You know, I didn’t want to do it. I had done the Biohub because I felt an obligation to the scientific community and my colleagues to give back. When I was a junior faculty member I had senior colleagues who looked out for me and did selfless things to help me, and the Biohub was my opportunity to give back. But I was ready to go back to my lab, frankly. When Mark and Priscilla gave me this new opportunity to be head of science, it was unexpected. I had to rethink my plans a little bit. It’s a once-in-a-century opportunity to work with philanthropists of their magnitude. It was sort of a historic opportunity and I decided to take a swing at it.

Have you left academia?

I haven’t completely left academia; my research group is still alive. It’s smaller than it was. But I find that being able to interact with students and postdocs, and to puzzle over data and figure out how to write papers keeps it very real for me and helps me remain grounded in my role as a philanthropic administrator. 

What general or specific goals do you want to accomplish as head of science at CZI?

I’m only six weeks in, so I’ll be light on the specifics for the moment. But I think at a broad level, Mark and Priscilla have asked me to help bring focus to their science philanthropy. They started off over the last five years with a bunch of experiments, sort of running independently, and it’s my job to get them all aligned. And to work on deeply inspiring projects that really move the needle. That is the remit, and it’s a super-exciting one. I get to define it, and we’re going through a big exercise doing that within the organization right now. Mark and Priscilla have this strong belief that to understand diseases, and ultimately have impact on them, you have got to be able to measure biology and have better measurement tools. And so there’s been a focus on that for the first decade, and we’ll see the products of that in the long term.

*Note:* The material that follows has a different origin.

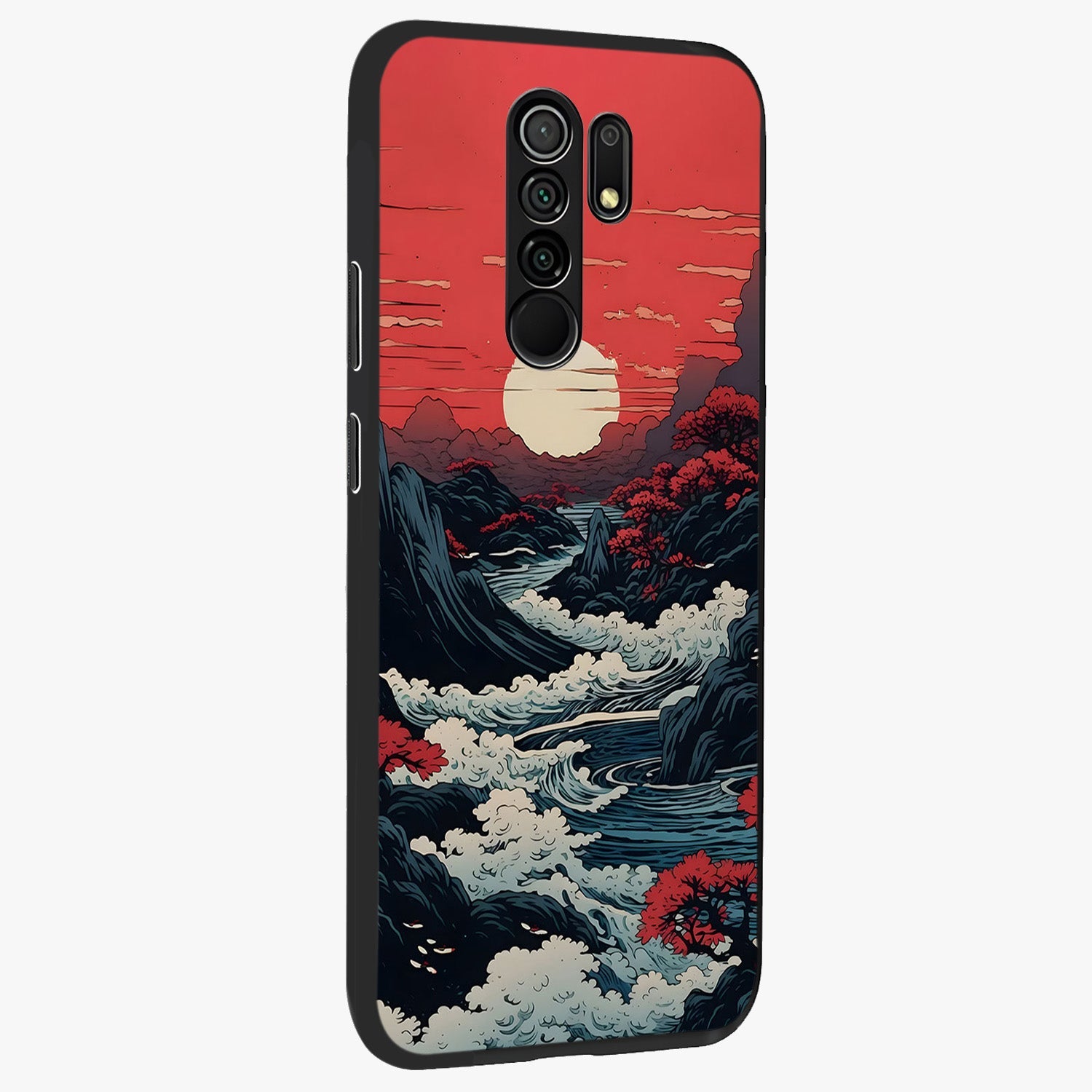 Red Sunset Scenery Glass Case upright view showcasing dramatic sunset scenery artwork with warm nature theme.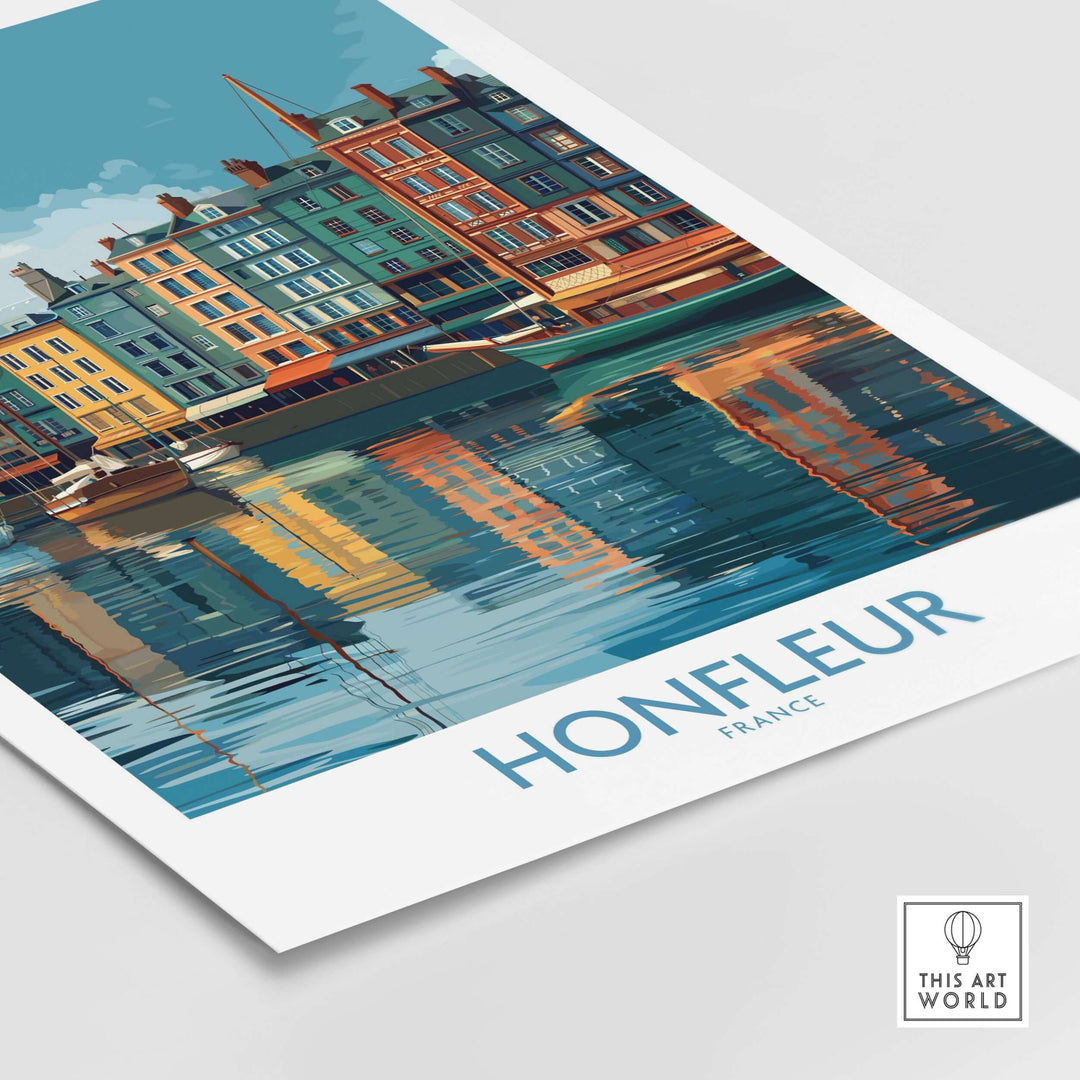 Honfleur Old Port poster featuring colorful buildings and water reflections, showcasing France's serene coastal beauty.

What sort of adjustments to the trajectory at CZI do you think you might want to make?

The part of the organization that reports to me is about 150 people, and I’m still getting to know them all. I’m super-impressed with the quality of the organization and I feel like I’ve been dealt a very good hand. So we’re going through the planning process right now of how to tweak the organization, and it’s too early to say what it’s going to be. But there’ll be a few shifts as we figure out where we want to go. We’ll have a good sense of that at the beginning of next year.

Do you think the experience of the COVID pandemic that we collectively had during the last three years has changed how the public sees the biomedical sciences?

All our lives have been transformed by the pandemic experience, not just in science, not just in academia, not just in philanthropy. I’d like to think there’s a greater appreciation by the general public for the role of science in their lives — both the strengths and the weaknesses of it. People saw how the scientific community and the public health community were struggling with what it meant to deal with the pandemic, what it means to move around in a fog of confusion and lack of knowledge as you’re trying to understand the true landscape of what this virus was, and what it meant, and how you treat people. That uncertainty, which is so integral to science, is probably more appreciated now, for better or worse. And hopefully, there’s also an appreciation for the value of science — I don’t think it’s too strong of a statement to say science saved the world here. In the space of a year, vaccines and therapeutics were developed that saved hundreds of thousands, if not millions of lives. That’s a triumph of science. Nobody, even within the scientific community, thought that was possible. It was spectacular.